Something is totally off. The Arctic is super-hot, even as a vast area of cold polar air has been displaced over Siberia…“It’s about 20C [36 degrees Fahrenheit] warmer than normal over most of the Arctic Ocean, along with cold anomalies of about the same magnitude over north-central Asia,” Jennifer Francis, an Arctic specialist at Rutgers University, said by email Wednesday.

Here it is in graphical form:

Up until October, things were relatively normal—at least, as normal as they can be in the era of record-shattering climate change. In mid-October Arctic temperatures suddenly flattened and then rose, instead of continuing downward as winter progressed. What happened?

“The Arctic warmth is the result of a combination of record-low sea-ice extent for this time of year, probably very thin ice, and plenty of warm/moist air from lower latitudes being driven northward by a very wavy jet stream.” Francis has published research suggesting that the jet stream, which travels from west to east across the Northern Hemisphere in the mid-latitudes, is becoming more wavy and elongated as the Arctic warms faster than the equator does.

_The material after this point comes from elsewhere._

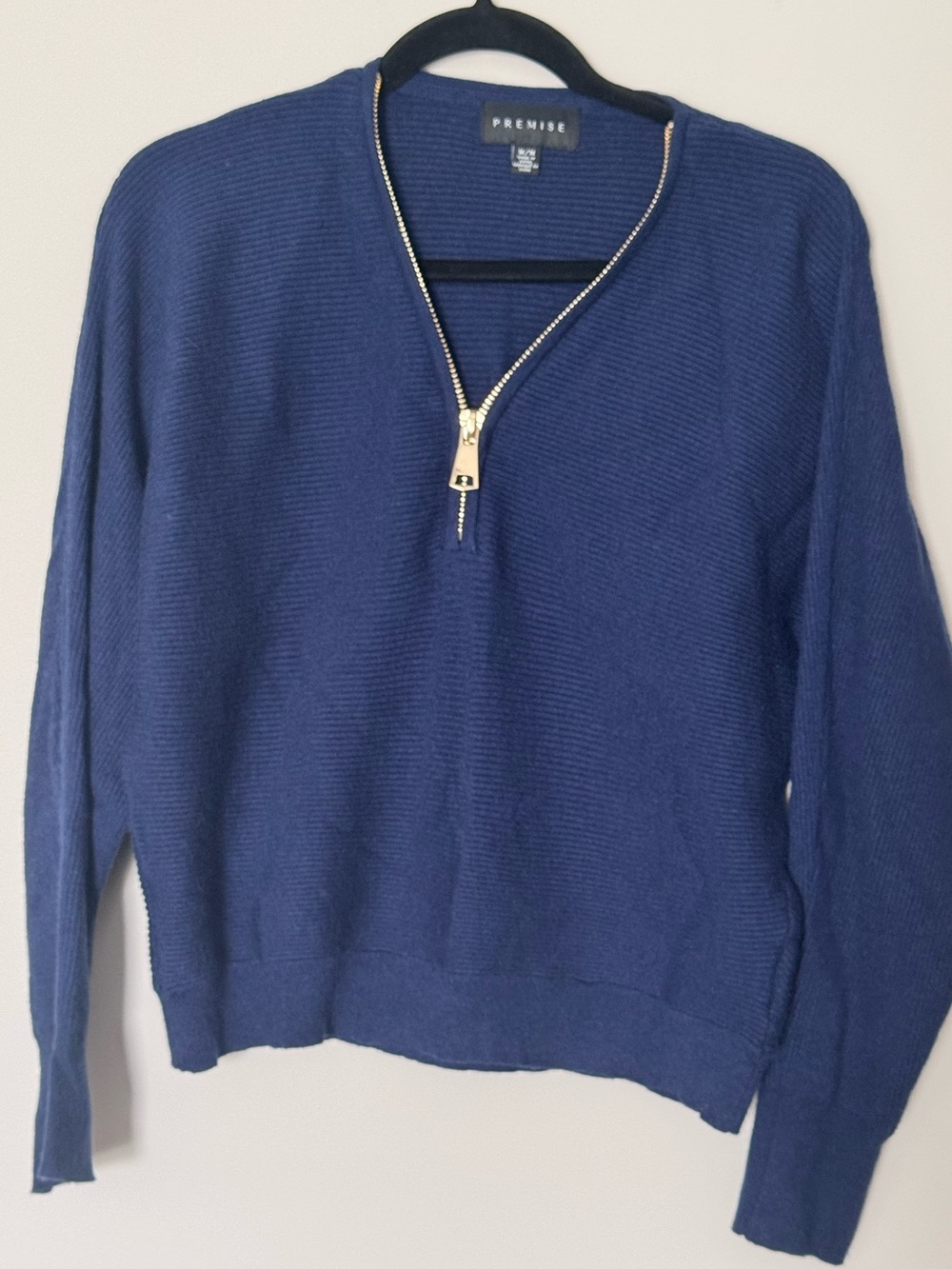 Premise Navy Blue Gold Zip V-Neck Sweater Size Medium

….Mark Serreze, who heads the National Snow and Ice Data Center in Boulder, Colo., agrees that something odd is going on….What’s happening, he explains, is sort of a “double whammy.” On the one hand, there is a “very warm underlying ocean” due to the lack of sea ice forming above it. But, at the same time, kinks in the jet stream have allowed warm air to flow northward and frigid Arctic air to descend over Siberia.

So let’s see if I have this right:

  1. As the Arctic warms, the jet stream becomes more elongated.
  2. This transports warm tropical air to the polar regions….
  3. Which melts the ice, increases the temperature at the pole, and elongates the jet stream even further.
  4. Rinse and repeat.

We are so screwed.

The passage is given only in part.